Day 96: "You and Bill and I hereby agree to make an army"

Students will be able to identify an author's main idea in an informational text.

This past Saturday my husband and I were at Walmart shopping for the Super Bowl (i.e. we had a cart full of beer) when one of my students passed us with her dad.  She said, "Hi Mrs. H!"  I said hello back, and we kept walking our respective directions.  On Monday in class, she walked in and said, "I saw you at Walmart this weekend!"

This wouldn't be a big deal, except that I was pretty darn certain this student hated my guts.  She's one of the group who I keep returning papers to because she only does 70% of the work. Literally, she will sit and calculate how many questions get her to pass, and she only does those - knowing she'll get all of them right.  She sighs heavily and rolls her eyes and says, "Really?  Do I have to?" a lot.  The point being, she could have easily walked by me at Walmart and not said hi, and I wouldn't have even seen her.  But she said hi. And then mentioned it in front of people on Monday.  If she really hated me, then she would have been too embarrassed to admit to seeing me outside of school.  But she didn't; this was actually a highlight of my weekend.  In addition to finally taking down our Christmas decorations - before Lent starts.

This week we're busting into informational texts - woo hoo! Actually, this has become rather my pet project. I often listen to talk shows or am reading the internet or the newspaper and I find something I think is really cool and I want to share it; however, I'm not a huge fan of sharing things on Facebook (especially political things), so I now have a new venue: my 132 students.  Monday they read a really neat Wall Street Journal editorial detailing the formation of the militia in the 1770s, within the context of the current debate on the second amendment and gun control.  My favorite part of the article detailed a militia contract from 1774 in Kent County, RI; the author summarized the contract as saying, "You and Bill and I hereby agree to make an army, and let's meet at Bill's house to practice."  Basically members of a militia became a militia due to a social contract - they weren't members because they had guns, or because the government told them they were members.  Students read the article first, then tried to state the main idea the author was trying to make.

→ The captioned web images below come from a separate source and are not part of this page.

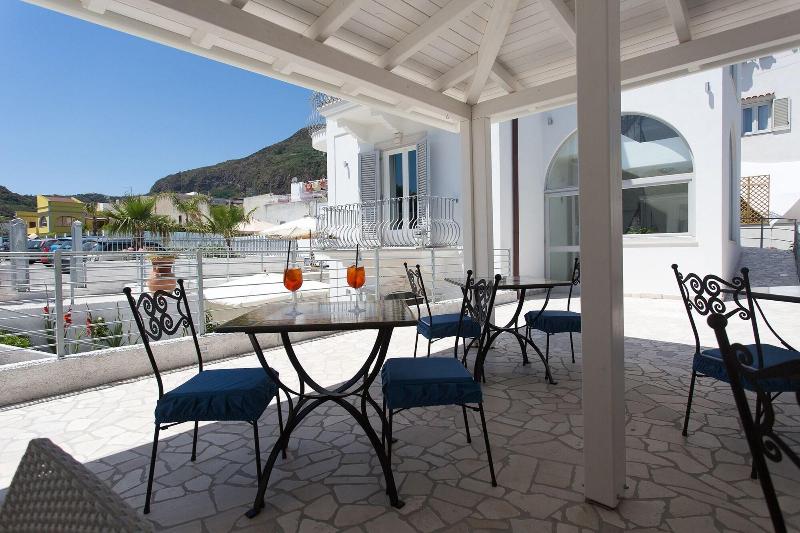 Odysseus Hotel - Teras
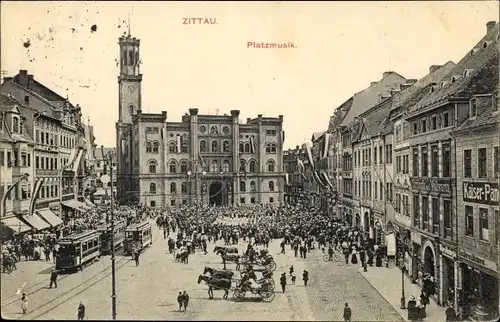 Ak Zittau Oberlausitz, Marktplatz mit Rathaus, Platzmusik, Straßenbahnen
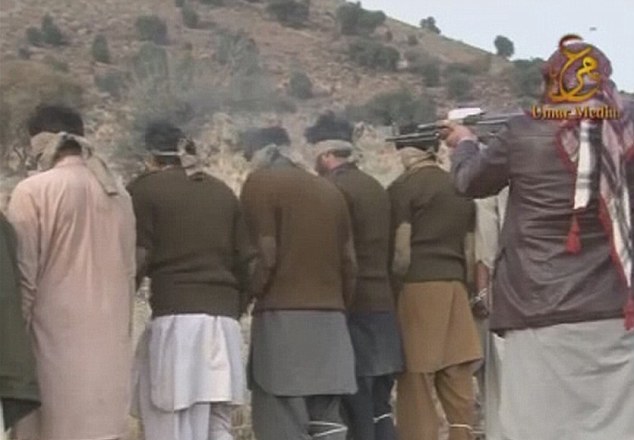 Βιντεοσκόπησαν την εκτέλεση πακιστανών στρατιωτών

We also read through President Obama's 23 Executive Orders he signed last week; everyone assumed the main idea was that he wanted to take away everyone's guns.  It turns out that most of his orders regarded information sharing or campaigns for gun safety.  The point was, students have to read everything all the way through to know the main idea.  This applies on the standardized tests, but it also applies a LOT in life - the students correctly pointed out that misreading a contract can get you in a lot of trouble.  We ended class with a math lesson detailing the importance of discovering what your "No interest for a year" interest rate actually means, and what could happen if you stop paying a car loan, or quit the army before your contract is up, or leave a job before a probationary period is done, or sign for student loans and don't graduate...et cetera.  It was a pretty long lesson to reach the objective, but I think it was valuable nonetheless.

My students continue to think I'm a flaming liberal...just because I demand their evidence for their derisive statements about our president.  "Because he's a communist," is never good evidence.

Comments

  1. Haha! You're teaching them a very good lesson, one that most adults in our society don't know, in making them read all of something before forming an opinion. Maybe next you can work on making them find evidence in more than one source before claiming it as fact; which is another point most adults don't understand. Keep up the good work, Lizzy!